If the data originally comes from a DB it is better to do the filtering in the DB rather than fetching everything and filtering locally.

First, Database management systems are good at filtering, it is part of their main job and they are therefore optimized for it. The filtering can also be sped up by using indexes.

Second, fetching and transmitting many records and to unmarshal the data into objects just to throw away a lot of them when doing local filtering is a waste of bandwidth and computing resources.


On a first glance: streams can be made to run in parallel; just by changing code to use parallelStream(). (disclaimer: of course it depends on the specific context if just changing the stream type will result in correct results; but yes, it can be that easy).

Then: streams "invite" to use lambda expressions. And those in turn lead to usage of invoke_dynamic bytecode instructions; sometimes gaining performance advantages compared to "old-school" kind of writing such code. (and to clarify the misunderstanding: invoke_dynamic is a property of lambdas, not streams!)

These would be reasons to prefer "stream" solutions nowadays (from a general point of view).

Beyond that: it really depends ... lets have a look at your example input. This looks like dealing with ordinary Java POJOs, that already reside in memory, within some sort of collection. Processing such objects in memory directly would definitely be faster than going to some off-process database to do work there!

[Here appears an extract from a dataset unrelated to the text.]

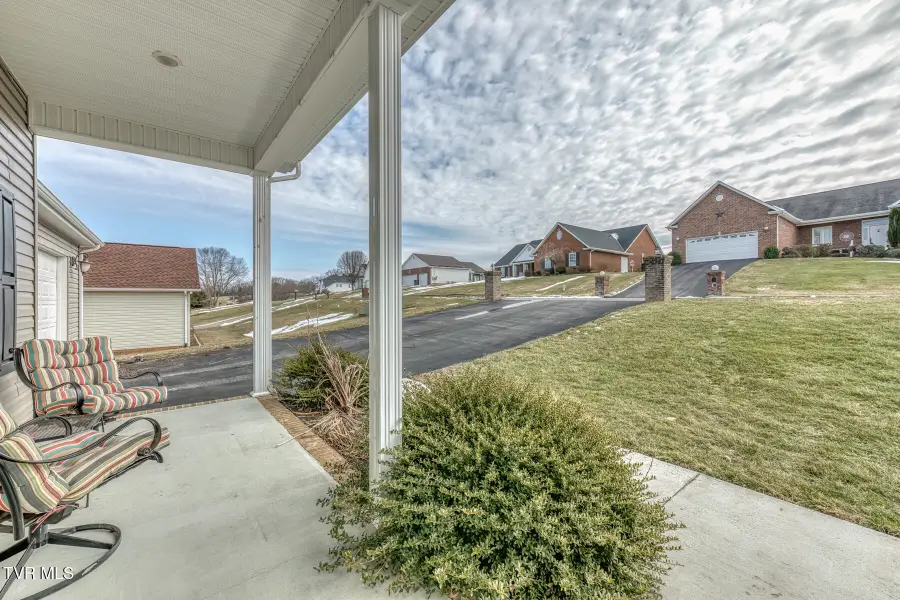 228 Country Meadows Circle, Bristol, TN 37620 - #2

But, of course: when the above calls, like book.getAuthor() would be doing a "deep dive" and actually talk to an underlying database; then chances are that "doing the whole thing in a single query" gives you better performance.


The first thing is to realize, that you can't tell from just this code, what statement is issued against the database. It might very well, that all the filtering, limiting and mapping is collected, and upon the invocation of collect all that information is used to construct a matching SQL statement (or whatever query language is used) and send to the database.

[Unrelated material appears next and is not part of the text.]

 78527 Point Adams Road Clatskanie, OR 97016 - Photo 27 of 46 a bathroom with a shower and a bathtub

With this in mind there are many reasons why streamlike APIs are used.

  1. It is hip. Streams and lambdas are still rather new to most java developers, so they feel cool when they use it.

  2. If something like in the first paragraph is used it actually creates a nice DSL to construct your query statements. Scalas Slick and .Net LINQ where early examples I know about, although I assume somebody build something like it in LISP long before I was born.

  3. The streams might be reactive streams and encapsulate a non-blocking API. While these APIs are really nice because they don't force you to block resources like threads while you are waiting for results. Using them requires either tons of callbacks or using a much nicer stream based API to process the results.

  4. They are nicer to read the imperative code. Maybe the processing done in the stream can't [easily/by the author] be done with SQL. So the alternatives aren't SQL vs Java (or what ever language you are using), but imperative Java or "functional" Java. The later often reads nicer.

So there are good reasons to use such an API.

With all that said: It is, in almost all cases, a bad idea to do any sorting/filtering and the like in your application, when you can offload it to the database. The only exception I can currently think of is when you can skip the whole roundtrip to the database, because you already have the result locally (e.g. in a cache).